Que se passerait-il si aujourd’hui on changeait de paradigme et que chacun reconnaisse que sa rationalité est limitée? Ou plutôt que chacun s’interroge sur ce qui est commun, sur ce qui fait la priorité pour un meilleur vivre-ensemble, sur ce qui est juste. Ceci dans le but de pouvoir s’auto-motiver pour servir l’intérêt commun. Et si au lieu de se rejeter mutuellement, on faisait un effort d’empathie et de compréhension de l’autre, des autres ? Cela peut paraître utopique mais passons à un exercice pratique.

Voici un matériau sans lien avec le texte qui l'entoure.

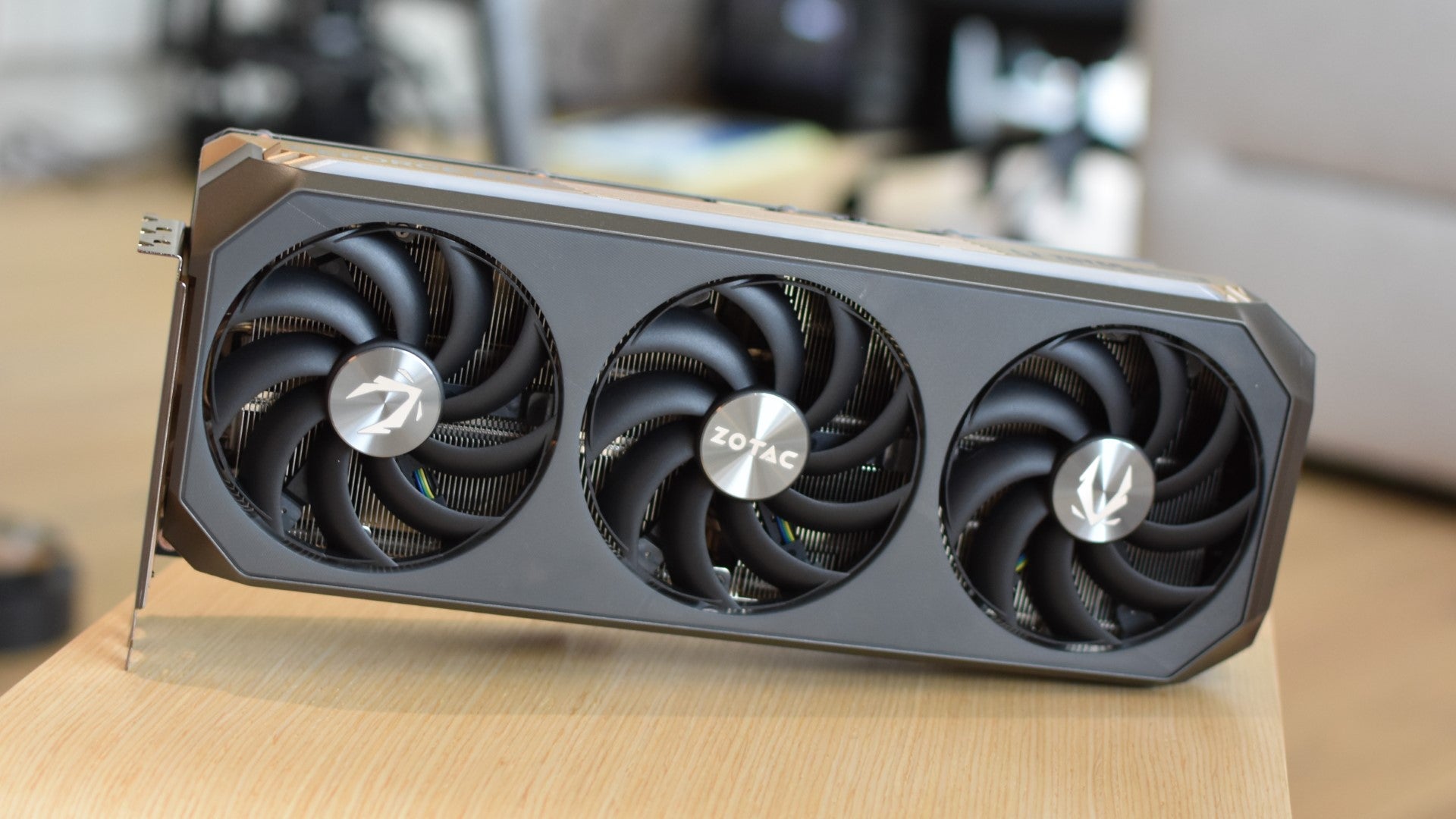 The Zotac Gaming GeForce RTX 5070 Ti AMP Extreme Infinity graphics card on a table. - 1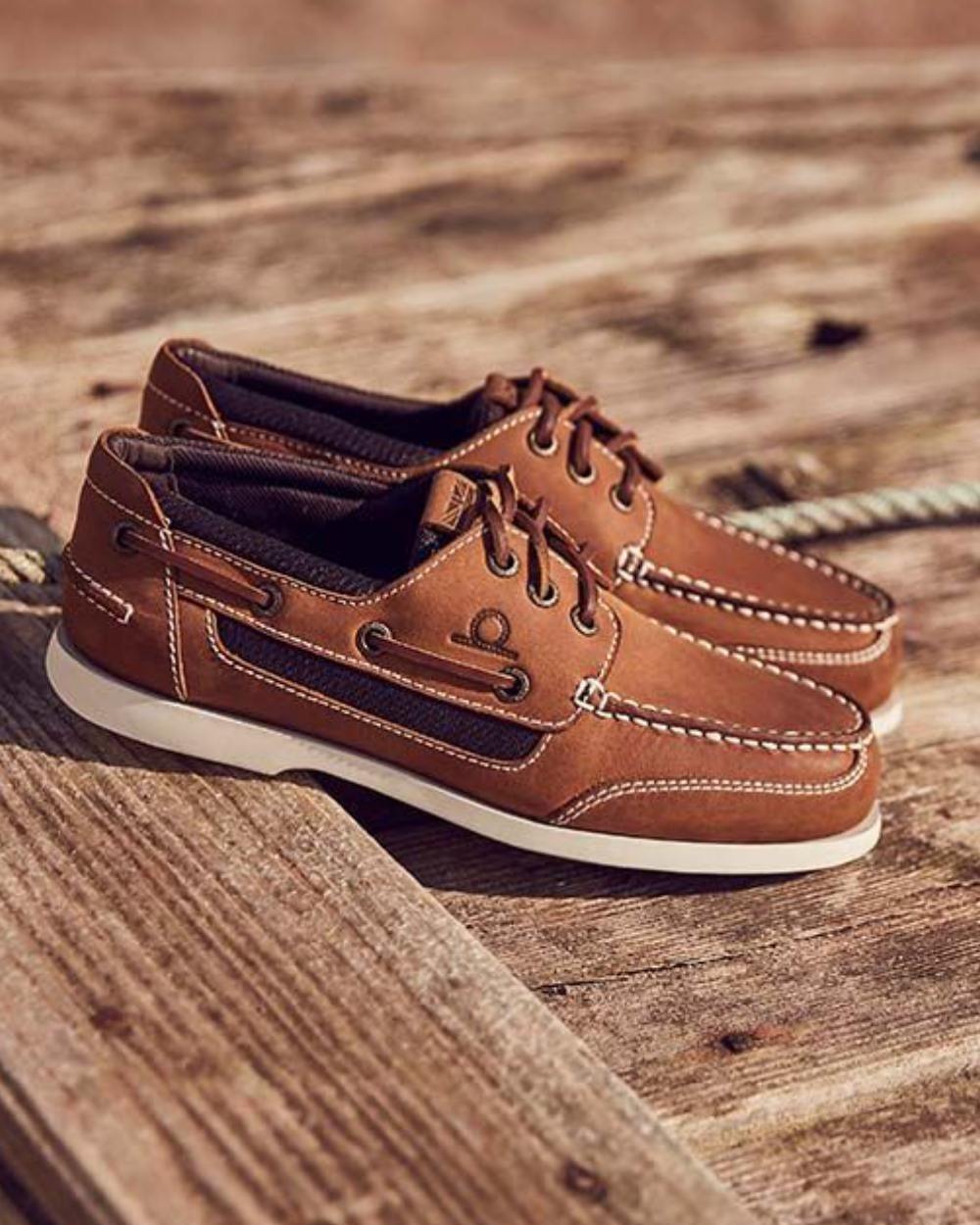 Walnut coloured Chatham Mens Buton G2 Premium Leather Deck Shoes on wooden deck background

Le pays est en crise, l’atmosphère est morose, le pouvoir d’achat des citoyens est en chute libre, les compétences fuient ou cherchent à fuir le pays, les médias enfoncent le clou du mal vivre…La loi de finances a provoqué une levée de boucliers de plus d’un secteur et de profession. Des partis surfent sur l’injustice inhérente à cette loi. Dans un tel contexte, quels objectifs peuvent nous réunir? Sortir d’une telle situation désastreuse bien sûr ! Alors il y a une raison de nous auto-motiver chacun dans sa position, plutôt que de subir la contrainte et se défausser de sa responsabilité car démocratie rime avec responsabilité, ce que l’on oublie souvent. Prenons le cas des institutions financières et des grandes surfaces qui génèrent un chiffre d’affaires conséquent. Pourquoi attendre qu’une loi vienne leur imposer une contribution au budget au moyen d’une taxe supplémentaire? N’ont-elles pas intérêt à ce que l’économie fleurisse, que les citoyens vivent mieux et consomment les produits locaux (puisque ces produits représentent plus de 80% des marchandises exposées dans les grandes surfaces, dixit le président de leur chambre syndicale), qu’ils épargnent, que les écoles et les hôpitaux fonctionnent dans de meilleures conditions, que l’investissement se développe? Si les dirigeants de ces institutions voient en cela leur intérêt, alors c’est dans le cadre d’une politique de responsabilité sociétale qu’ils pourront inscrire leur contribution à la sortie de crise. Sans attendre des mesures contraignantes, ils peuvent contribuer volontairement à sauver une situation qui s’aggrave de jour en jour. Un tel raisonnement basé sur une perception de l’intérêt général peut s’appliquer à toute organisation mais à condition d’un retour à la confiance. Et c’est à cela que doivent s’employer le gouvernement et toutes ses institutions. L’engagement pour un projet commun l’exige dans un contexte qui se veut démocratique et où c’est la confiance dans les institutions qui manque le plus aujourd’hui.